How to create and use Ray service - AnalyticDB - Alibaba Cloud Documentation Center

AnalyticDB Ray is a fully managed Ray service built on AnalyticDB for MySQL. Running distributed AI workloads in production requires handling cluster operations, resource scheduling, and system stability — complexity that open source Ray leaves to you. AnalyticDB Ray manages these concerns, so you can focus on building AI applications at scale.

Use cases

Use case	Description
Multimodal processing	Process large volumes of mixed media — images, video, audio, and text — in parallel across distributed nodes.
Search and recommendation	Run real-time inference and ranking pipelines at scale for search relevance and personalized recommendations.
Financial risk control	Execute high-throughput, latency-sensitive risk scoring and fraud detection jobs across massive datasets.
Embodied intelligence	One of the validated scenarios for AnalyticDB Ray deployments.

How it works

Each Ray cluster resource group contains two types of nodes:

Head node — manages Ray metadata, runs the Global Control Store (GCS) service, and schedules tasks. The head node does not execute tasks.
Worker nodes — execute tasks and actors. Worker nodes scale automatically based on job demand.

When you submit a job, AnalyticDB Ray schedules tasks to available worker nodes and stores intermediate data in Ray's distributed object store. If the head node restarts, a Redis-based disaster recovery mechanism recovers the cluster state, actors, and tasks automatically.

Prerequisites

Before you begin, ensure that you have:

An AnalyticDB for MySQL cluster (Enterprise Edition, Basic Edition, or Data Lakehouse Edition)

Create a Ray cluster resource group

Log on to the AnalyticDB for MySQL console. In the upper-left corner, select a region. In the left-side navigation pane, click Clusters. Find the cluster and click the cluster ID.
In the left-side navigation pane, choose Cluster Management > Resource Management. Click the Resource Groups tab. In the upper-right corner, click Create Resource Group.

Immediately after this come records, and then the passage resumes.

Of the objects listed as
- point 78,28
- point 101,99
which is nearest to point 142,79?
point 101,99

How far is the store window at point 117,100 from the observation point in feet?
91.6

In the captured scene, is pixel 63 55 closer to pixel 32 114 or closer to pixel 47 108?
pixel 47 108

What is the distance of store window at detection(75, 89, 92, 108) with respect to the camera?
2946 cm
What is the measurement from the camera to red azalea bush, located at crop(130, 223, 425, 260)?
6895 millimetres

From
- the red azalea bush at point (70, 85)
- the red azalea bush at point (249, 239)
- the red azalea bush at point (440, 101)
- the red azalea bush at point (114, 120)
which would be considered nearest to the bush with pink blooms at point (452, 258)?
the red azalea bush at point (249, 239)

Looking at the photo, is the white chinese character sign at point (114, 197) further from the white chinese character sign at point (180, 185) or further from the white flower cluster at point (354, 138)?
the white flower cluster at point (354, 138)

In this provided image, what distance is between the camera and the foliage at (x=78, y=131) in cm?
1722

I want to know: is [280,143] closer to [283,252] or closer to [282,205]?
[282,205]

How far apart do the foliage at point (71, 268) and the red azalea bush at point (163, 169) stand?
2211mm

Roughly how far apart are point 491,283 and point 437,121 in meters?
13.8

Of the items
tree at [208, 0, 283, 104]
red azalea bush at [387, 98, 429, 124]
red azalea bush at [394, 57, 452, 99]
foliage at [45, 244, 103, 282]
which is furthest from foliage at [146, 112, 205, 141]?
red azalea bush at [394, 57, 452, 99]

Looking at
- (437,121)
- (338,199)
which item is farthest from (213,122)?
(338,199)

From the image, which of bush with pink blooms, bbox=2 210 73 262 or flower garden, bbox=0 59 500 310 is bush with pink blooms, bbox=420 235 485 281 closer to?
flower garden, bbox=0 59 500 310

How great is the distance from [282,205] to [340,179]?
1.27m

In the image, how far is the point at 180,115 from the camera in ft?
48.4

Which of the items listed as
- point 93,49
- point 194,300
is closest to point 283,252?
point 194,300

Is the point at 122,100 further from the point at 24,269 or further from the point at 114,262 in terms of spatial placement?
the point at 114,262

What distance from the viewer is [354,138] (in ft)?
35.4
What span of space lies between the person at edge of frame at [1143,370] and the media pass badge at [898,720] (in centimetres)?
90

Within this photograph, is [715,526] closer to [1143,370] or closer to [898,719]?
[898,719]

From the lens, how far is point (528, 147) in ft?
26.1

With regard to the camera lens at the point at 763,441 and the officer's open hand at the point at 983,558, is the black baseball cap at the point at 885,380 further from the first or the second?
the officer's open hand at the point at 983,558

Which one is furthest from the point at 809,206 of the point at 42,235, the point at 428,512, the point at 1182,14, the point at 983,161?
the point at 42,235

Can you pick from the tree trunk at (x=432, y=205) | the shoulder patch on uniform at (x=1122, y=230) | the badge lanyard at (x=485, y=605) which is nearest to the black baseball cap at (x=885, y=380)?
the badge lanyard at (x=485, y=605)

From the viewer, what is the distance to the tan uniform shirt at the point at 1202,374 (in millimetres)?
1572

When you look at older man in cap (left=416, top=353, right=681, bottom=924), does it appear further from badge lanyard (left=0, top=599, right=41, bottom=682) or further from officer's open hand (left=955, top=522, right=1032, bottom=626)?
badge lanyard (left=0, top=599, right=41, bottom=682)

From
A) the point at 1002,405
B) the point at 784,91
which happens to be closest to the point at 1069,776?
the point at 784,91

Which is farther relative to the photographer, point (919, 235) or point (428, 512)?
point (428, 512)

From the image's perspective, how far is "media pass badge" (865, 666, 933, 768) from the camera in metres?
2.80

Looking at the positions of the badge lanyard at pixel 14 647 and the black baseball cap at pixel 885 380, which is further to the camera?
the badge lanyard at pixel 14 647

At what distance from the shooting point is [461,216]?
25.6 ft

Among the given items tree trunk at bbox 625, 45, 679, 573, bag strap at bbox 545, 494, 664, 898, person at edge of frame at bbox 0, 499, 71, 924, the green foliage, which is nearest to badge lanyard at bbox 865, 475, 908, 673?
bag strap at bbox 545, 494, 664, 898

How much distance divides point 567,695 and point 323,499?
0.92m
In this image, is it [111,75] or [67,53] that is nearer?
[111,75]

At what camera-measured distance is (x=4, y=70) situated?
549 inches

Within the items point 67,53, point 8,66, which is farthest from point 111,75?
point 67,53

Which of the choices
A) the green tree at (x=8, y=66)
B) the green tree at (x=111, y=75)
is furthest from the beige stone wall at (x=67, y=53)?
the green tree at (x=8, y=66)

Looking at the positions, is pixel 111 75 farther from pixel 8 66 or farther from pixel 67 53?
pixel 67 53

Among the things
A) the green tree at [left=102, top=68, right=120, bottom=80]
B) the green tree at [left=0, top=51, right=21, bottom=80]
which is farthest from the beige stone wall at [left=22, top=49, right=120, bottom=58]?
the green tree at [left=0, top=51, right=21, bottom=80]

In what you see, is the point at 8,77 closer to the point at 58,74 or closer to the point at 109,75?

In the Create Resource Group panel, enter a resource group name, set Job Type to AI, and configure the following parameters.

Parameter	Description
Deployment Mode	Select RayCluster.
Head Resource Specifications	The head node manages Ray metadata, runs GCS, and schedules tasks. Options: small, m.xlarge, m.2xlarge. CPU core counts match Spark resource specifications. For details, see Spark resource specifications. Select specifications based on the overall scale of your Ray cluster — the head node handles all scheduling.
Worker Group Name	A name for this worker group. One resource group can contain multiple worker groups with different names.
Worker Resource Type	CPU: for daily computing, multitasking, or complex logic. GPU: for large-scale data parallel processing, machine learning, or deep learning training.
Worker Resource Specifications	CPU: small, m.xlarge, m.2xlarge (same core counts as Spark; see Spark resource specifications). GPU: submit a ticket — GPU specifications depend on available models and inventory.
Worker Disk Storage	Disk space for Ray logs, temporary data, and distributed object store overflow. Unit: GB. Range: 30–2000. Default: 100. Disks are for temporary storage only — do not rely on them for persistent data.
Minimum Workers / Maximum Workers	The minimum number of worker nodes in this group (minimum: 1) and the maximum (maximum: 8). If minimum and maximum differ, AnalyticDB Ray scales worker count automatically based on current job load. When multiple worker groups exist, AnalyticDB Ray distributes jobs across groups to avoid overloading or underutilizing any single group.
Distribution Unit	(GPU workers only) The number of GPUs allocated to each worker node. Example: 1/3.

Click OK.

Connect to and use the Ray service

Step 1: Get the endpoint URLs

In the left-side navigation pane, choose Cluster Management > Resource Management. Click the Resource Groups tab.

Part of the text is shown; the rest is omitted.